Skip to main content

Let's make building machine learning models the complex way, easy.

Project description

BuildML

BuildML is a Python machine-learning library designed to simplify the process of data preparation, feature engineering, model building, and evaluation. It provides a collection of tools for both classification and regression tasks, as well as functionalities for data exploration and manipulation. BuildML is a distribution of the TechLeo community to make complex machine-learning processes, easy.

Author

TechLeo

Contact

For inquiries, suggestions, or feedback, please feel free to reach out to the author:

Your feedback is valuable and contributes to the continuous improvement of BuildML. The author welcomes collaboration and looks forward to hearing from the users of MLwiz.

Features

Features from the current release.

Data Loading and Handling

  • get_dataset: Load a dataset.
  • get_training_test_data: Split the dataset into training and test sets.
  • load_large_dataset: Load a large dataset efficiently.
  • reduce_data_memory_useage: Reduce memory usage of the dataset.

Data Cleaning and Manipulation

  • drop_columns: Drop specified columns from the dataset.
  • fix_missing_values: Handle missing values in the dataset.
  • fix_unbalanced_dataset: Address class imbalance in a classification dataset.
  • filter_data: Filter data based on specified conditions.
  • remove_duplicates: Remove duplicate rows from the dataset.
  • rename_columns: Rename columns in the dataset.
  • replace_values: Replace specified values in the dataset.
  • reset_index: Reset the index of the dataset.
  • set_index: Set a specific column as the index.
  • sort_index: Sort the index of the dataset.
  • sort_values: Sort the values of the dataset.
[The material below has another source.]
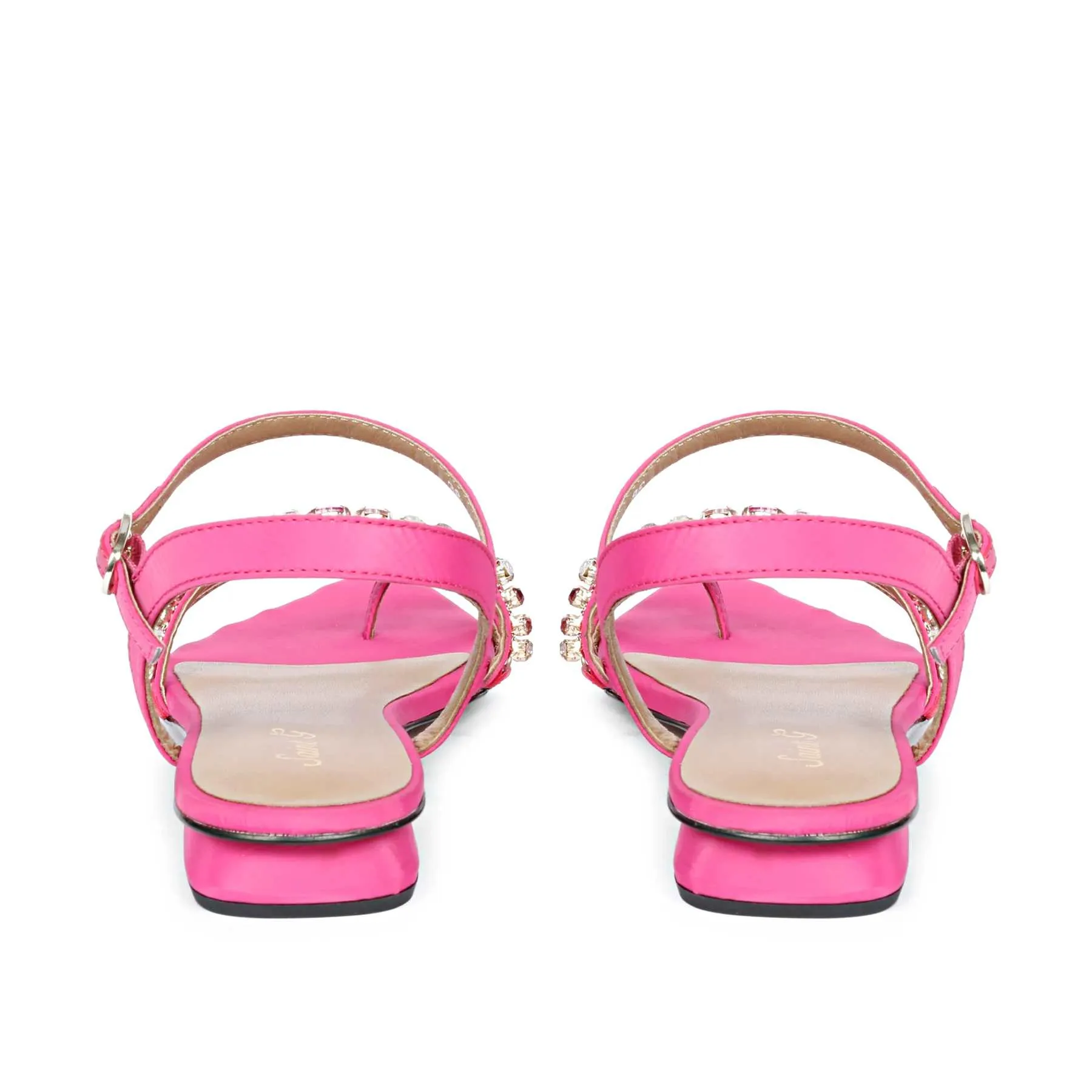 Saint Annie Stone Embellished Pink Nylon Fabric Sandals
Data Formatting and Transformation

  • categorical_to_datetime: Convert categorical columns to datetime format.
  • categorical_to_numerical: Convert categorical columns to numerical format.
  • numerical_to_categorical: Convert numerical columns to categorical format.
  • column_binning: Bin values in a column into specified bins.

Exploratory Data Analysis

  • eda: Perform exploratory data analysis on the dataset.
  • eda_visual: Visualize exploratory data analysis results.
  • pandas_profiling: Generate a Pandas Profiling report for the dataset.
  • sweetviz_profile_report: Generate a Sweetviz Profile Report for the dataset.
  • count_column_categories: Count the categories in a categorical column.
  • unique_elements_in_columns: Get the unique elements that exist in each column in the dataset.

Feature Engineering

  • extract_date_features: Extract date-related features from a datetime column.
  • polyreg_x: Get the polynomial regression x for independent variables after specifying the degree.
  • select_features: Select relevant features for modeling.
  • select_dependent_and_independent: Select dependent and independent variables.

Data Preprocessing

  • scale_independent_variables: Scale independent variables in the dataset.
  • remove_outlier: Remove outliers from the dataset.
  • split_data: Split the dataset into training and test sets.
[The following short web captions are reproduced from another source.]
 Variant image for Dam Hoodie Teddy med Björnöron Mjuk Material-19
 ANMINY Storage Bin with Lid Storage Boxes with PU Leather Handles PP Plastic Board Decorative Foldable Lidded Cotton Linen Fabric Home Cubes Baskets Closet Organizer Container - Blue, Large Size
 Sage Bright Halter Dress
Model Building and Evaluation

  • get_bestK_KNNregressor: Find the best K value for KNN regression.
  • train_model_regressor: Train a regression model.
  • regressor_predict: Make predictions using a regression model.
  • regressor_evaluation: Evaluate the performance of a regression model.
  • regressor_model_testing: Test a regression model.
  • polyreg_graph: Visualize a polynomial regression graph.
  • simple_linregres_graph: Visualize a regression graph.
  • build_multiple_regressors: Build multiple regression models.
  • build_multiple_regressors_from_features: Build regression models using selected features.
  • build_single_regressor_from_features: Build a single regression model using selected features.
  • get_bestK_KNNclassifier: Find the best K value for KNN classification.
  • train_model_classifier: Train a classification model.
  • classifier_predict: Make predictions using a classification model.
  • classifier_evaluation: Evaluate the performance of a classification model.
  • classifier_model_testing: Test a classification model.
  • classifier_graph: Visualize a classification graph.
  • build_multiple_classifiers: Build multiple classification models.
  • build_multiple_classifiers_from_features: Build classification models using selected features.
  • build_single_classifier_from_features: Build a single classification model using selected features.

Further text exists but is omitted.